Tre dei rapinatori della gioielleria in provincia di Napoli sono stati messi in manette, mentre il proprietario del negozio è indagato per omicidio colposo ed eccesso di difesa

Tre arresti per la rapina alla gioielleria di Frattamaggiore, in provincia di Napoli. Uno dei rapinatori è stato fermato in flagranza di reato, mentre gli altri due sono stati arrestati grazie all’attività investigativa dei carabinieri. Il quarto membro della banda, invece, è stato ucciso nel corso della rapina dal gioielliere stesso, che adesso è indagato per omicidio colposo ed eccesso di legittima difesa. Ci sarebbe anche un quinto membro, che avrebbe svolto il ruolo di “palo”, sul quale le indagini sono ancora in corso.
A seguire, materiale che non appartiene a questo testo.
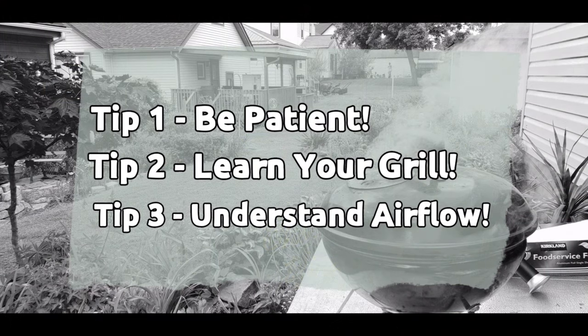Before we get into any of the grilling, let's review some tips from bite one. Remember, the key to good charcoal grilling is to be patient. You've got to know your grill and understand the airflow inherent to that grill. It's really that simple. These three things are gonna get you where you need to go and you're gonna end up with a full tummy of grilled meat.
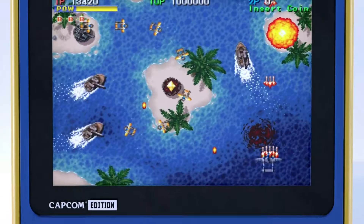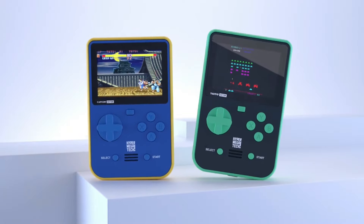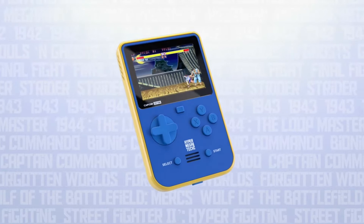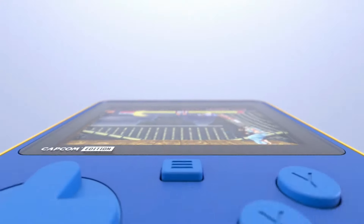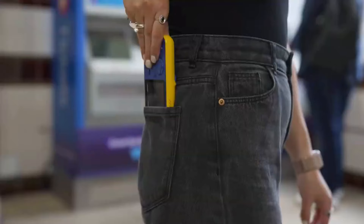Hi guys, welcome to Crazy Burger. Today I'm going to be talking about the Super Pocket from Hyper Megatech, which is obviously from the company Blaze, which also makes the Evercade products. In this video I'm going to be talking a little bit about the product and my thoughts on the whole idea of it. If you're not really sure about it, let's have a look at the trailer before I get stuck into my thoughts.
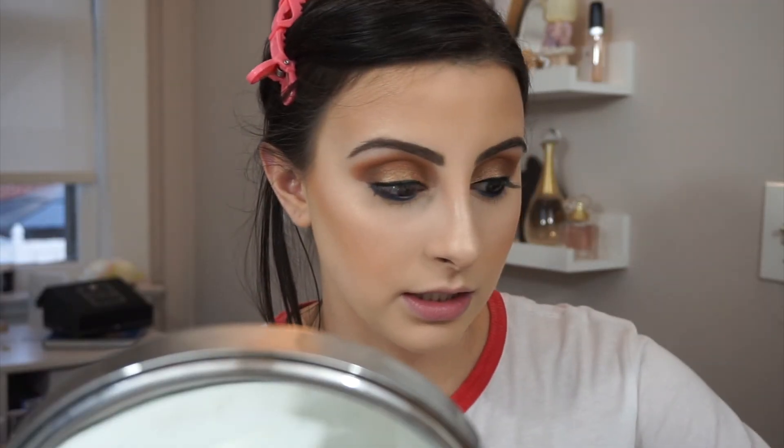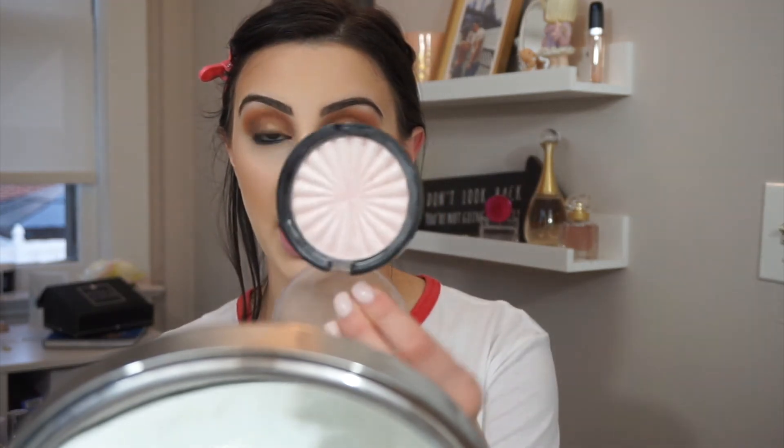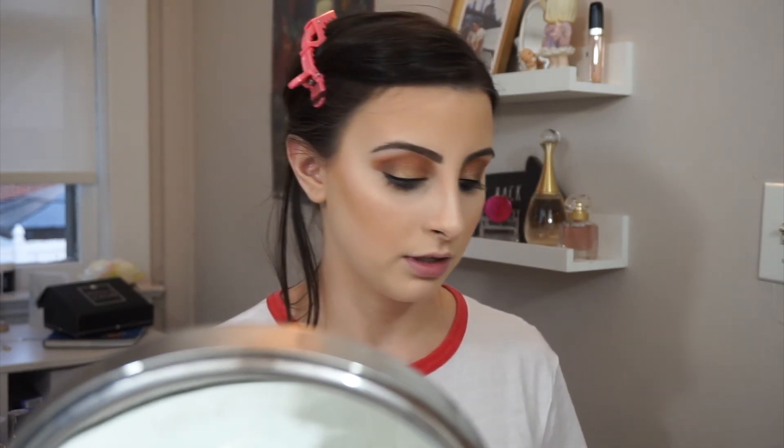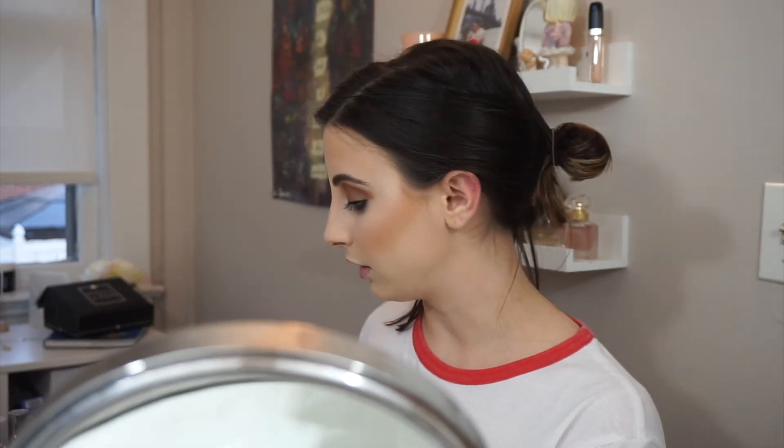This look is quite intense. I'm going to do an intense inner corner highlight and I'm going to take my Charlotte Tilbury highlighter in the shade Pillow Talk. This is a very pigmented highlighter — a little too pigmented for me on my cheek, but in my inner corner I really like it. I think we're going to spray it with some Fix Plus — that's how we're feeling right now.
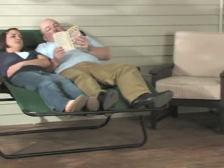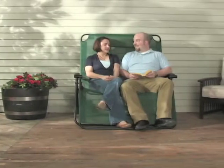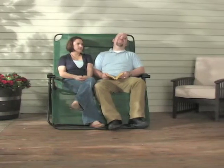Unlike standard outdoor chairs, the Zero Gravity Lounger picks your whole body up off the ground in a reclined position to eliminate pressure on joints and muscles. Instead of simple rest, you give your whole body a break from the constant, unavoidable pounding of daily life.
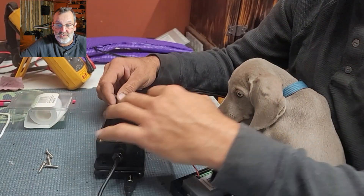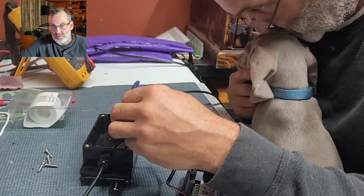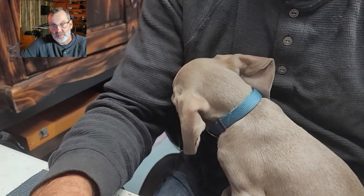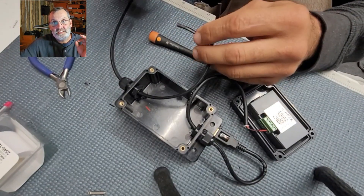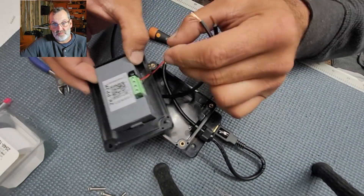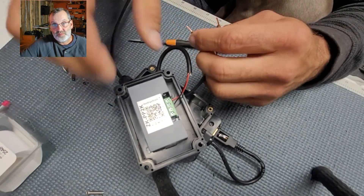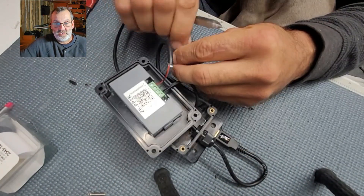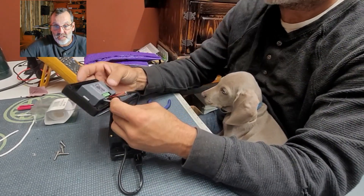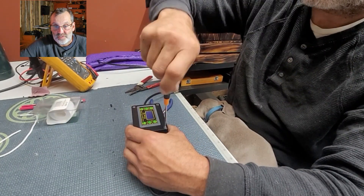Look at that beautiful square wave it creates — this is why I like this unit, it's solid. Here's my puppy — she woke up and joined me. PEMF rebalances your immune system. To answer whether PEMF can heal you: if the body can heal itself, PEMF can help. Now I'm connecting the coils — this is the wire that goes to the portable PEMF mat — and closing everything up.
Un fermo immagine tratto da un video pubblicato da Meridiano News mostra il gioielliere con la pistola in mano dopo la rapina subita, Frattamaggiore (Napoli). ANSA
FOTO ANSA

Secondo il leader della Lega, Matteo Salvini, il gioielliere aveva tutto il diritto di sparare e afferma – ai microfoni di Mattino Cinque – di voler cambiare l’articolo del codice penale che prevede l’eccesso di legittima difesa. Luigi Corcione, il proprietario della gioielleria, ha dichiarato di non aver mai sparato a nessuno prima di allora e di aver reagito solo dopo essersi visto puntare una pistola addosso.

Dalle prime ricostruzioni pare che il criminale, poi rimasto ucciso, sia entrato in gioielleria a volto scoperto, salvo poi indossare una maschera di “Hulk” una volta cominciata la rapina. Gli altri complici, che invece hanno agito a volto coperto, sono stati individuati grazie alle immagini della videosorveglianza e riconosciuti dall’abbigliamento. Uno era ferito, probabilmente da uno sparo dello stesso gioieliere.